Le niveau d’alphabétisation des risques influence-t-il les décisions en matière d’investissement ? Le lien n’est pas direct, bien que les résultats de notre enquête indiquent que l’alphabétisation des risques pourrait jouer un rôle dans les préférences en matière d’actifs. Un plus grand nombre de personnes de notre enquête non alphabétisées en matière de risques préféreraient détenir des liquidités (30 %), par rapport aux personnes alphabétisées en matière de risques (22 %). D’autre part, 36 % de l’échantillon des personnes alphabétisées en matière de risques privilégiaient les titres (obligations, actions ou fonds communs), tandis que seulement 26 % des personnes non alphabétisées s’agissant des risques les considéreraient comme un investissement approprié. Cependant, l’absence de différences concernant les cryptomonnaies et les produits d’assurance montre clairement que l’alphabétisation des risques ne peut expliquer à elle seule les choix en matière d’investissement : les préférences personnelles et l’appétit pour le risque jouent un grand rôle dans ce cadre.

Les liquidités sont l’instrument d’investissement privilégié par les femmes, tandis que l’assurance est globalement très impopulaire. Lors d'une expérience, nous avons demandé à nos sujets quel instrument ils préféreraient investir et détenir pendant un an. Faisant écho à leur faible appétit pour le risque, nous avons constaté que les liquidités étaient l’instrument privilégié par les femmes dans la quasi-totalité des pays (en moyenne 32 %), à l’exception de l’Autriche (liquidités : 24 % vs titres : 29 %) et des États-Unis (liquidités : 23 % vs titres : 36 %), où l’on privilégie les titres. Inversement, dans la plupart des pays, les hommes choisissent les titres comme instrument financier de prédilection (33 % en moyenne) – à l’exception de la France, où l’on privilégie les liquidités aux titres (liquidités : 29 % vs titres : 23 %). La France est également le seul pays de notre échantillon où les deux sexes privilégient largement l’assurance aux cryptomonnaies (assurance : 18 % par rapport aux cryptomonnaies : 6 %).

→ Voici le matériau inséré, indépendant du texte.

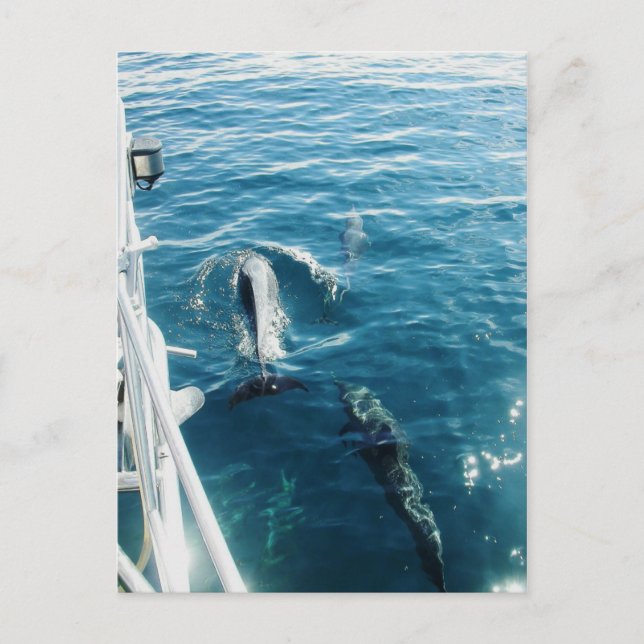 Dolphins Bowriding Vykort (Framsida)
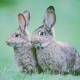 rabbit, animals, nature, hare, grass wallpaper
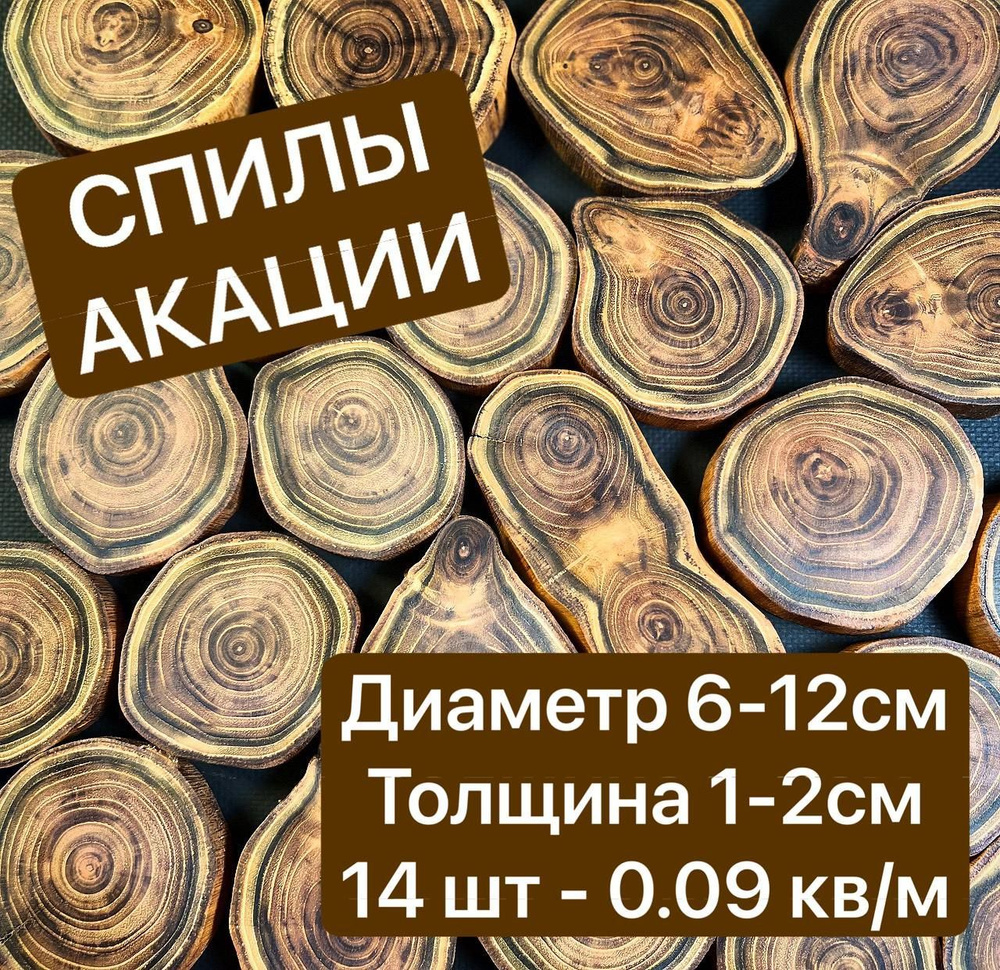 Спилы дерева Акация 6-12см 14шт #1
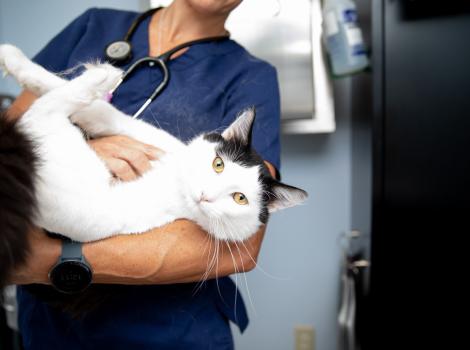 Person wearing scrubs and a stethoscope holding a black and white at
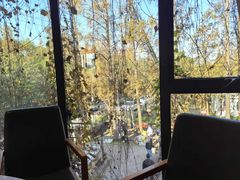 -前小桔亲子创意农场·草莓采摘·露营烧烤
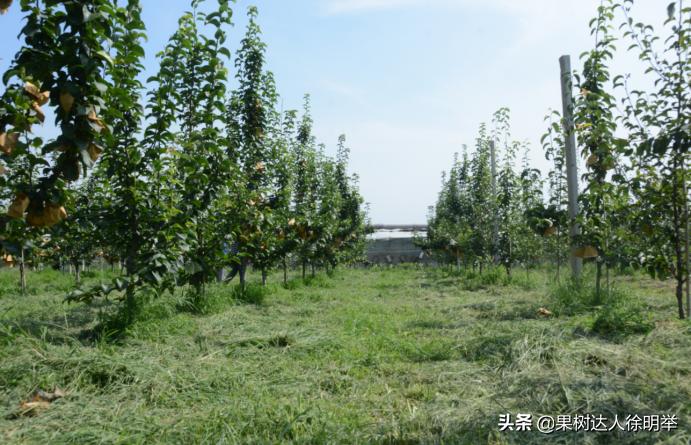 虫子王——以虫治虫的蚜虫生物防治技术体系，果农了解用处大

Alors qu’en Italie (et en Autriche), les femmes voient plus de valeur dans l’assurance que dans les cryptomonnaies, dans tous les autres pays, l’assurance est très impopulaire comme instrument financier (moyenne de 10 %, contre la moyenne des cryptomonnaies de 11 %) : une décennie de taux d’intérêt nuls, voire négatifs, a semble-t-il terni la perception de l’assurance comme produit d’épargne appréciable.

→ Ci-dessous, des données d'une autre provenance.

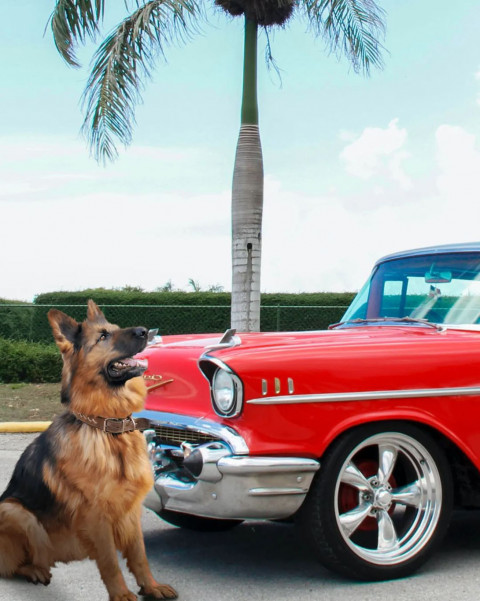 Dog car hd editing background
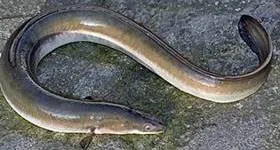 Fotos de anguila - wikipeces.net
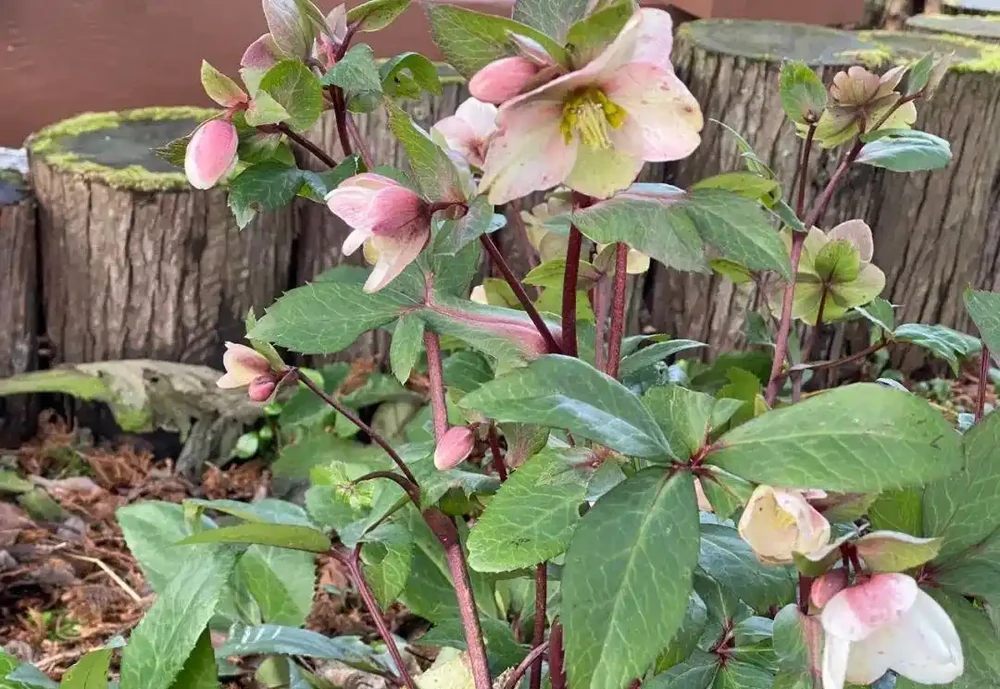 水溶性肥料使用指南，養花不求人，輕鬆學會完全版的施肥技巧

Impact de la crise de COVID-19 et choix des actifs : Même parmi les répondants touchés négativement par la crise et ceux ayant déclaré avoir perçu des paiements de protection sociale, les titres sont le véhicule d’investissement le plus populaire (28 % et 35 %, respectivement). L’argent n’est roi que parmi les personnes qui avaient plus de revenus (34 %) et celles qui ont consommé plus de leurs revenus (28 %).

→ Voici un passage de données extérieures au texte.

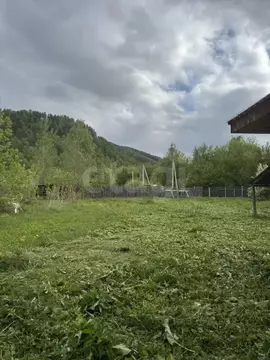 Участок в Алтай, Майминский район, Соузгинское с/пос, пос. Черемшанка ...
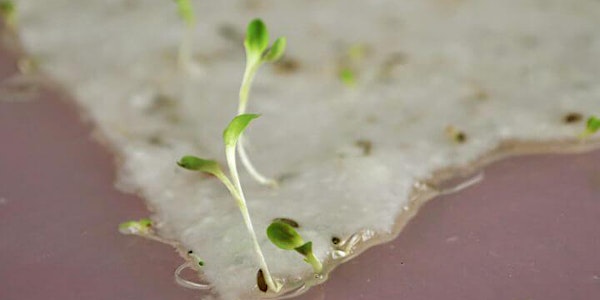 Plantable Paper Workshop with Freshkills Park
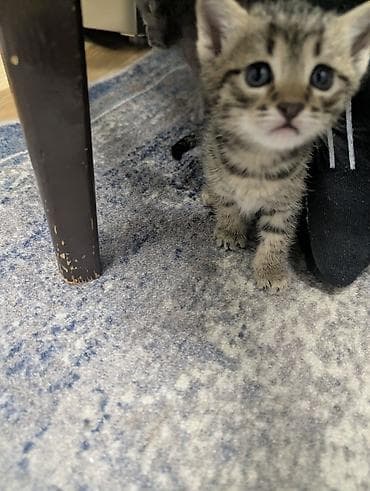 кошка с разными глазами: Котята от домашней кошки - 4 котят: есть трёхцветные — 7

Qu’est-ce que cela signifie pour les décideurs politiques ? Nos résultats – un impact apparemment positif de l’alphabétisation des risques sur les choix d’investissement d’une part, et un impact seulement dilué des préférences et des circonstances de risque d’autre part – constituent un argument fort pour améliorer l’alphabétisation des risques. Après tout, des niveaux plus élevés d’alphabétisation des risques pourraient aider à effectuer des investissements qui correspondent mieux à la situation personnelle de l’investisseur. La bonne nouvelle : l’alphabétisation des risques est une politique bon marché qui peut être réalisée en éduquant la population à la pensée statistique.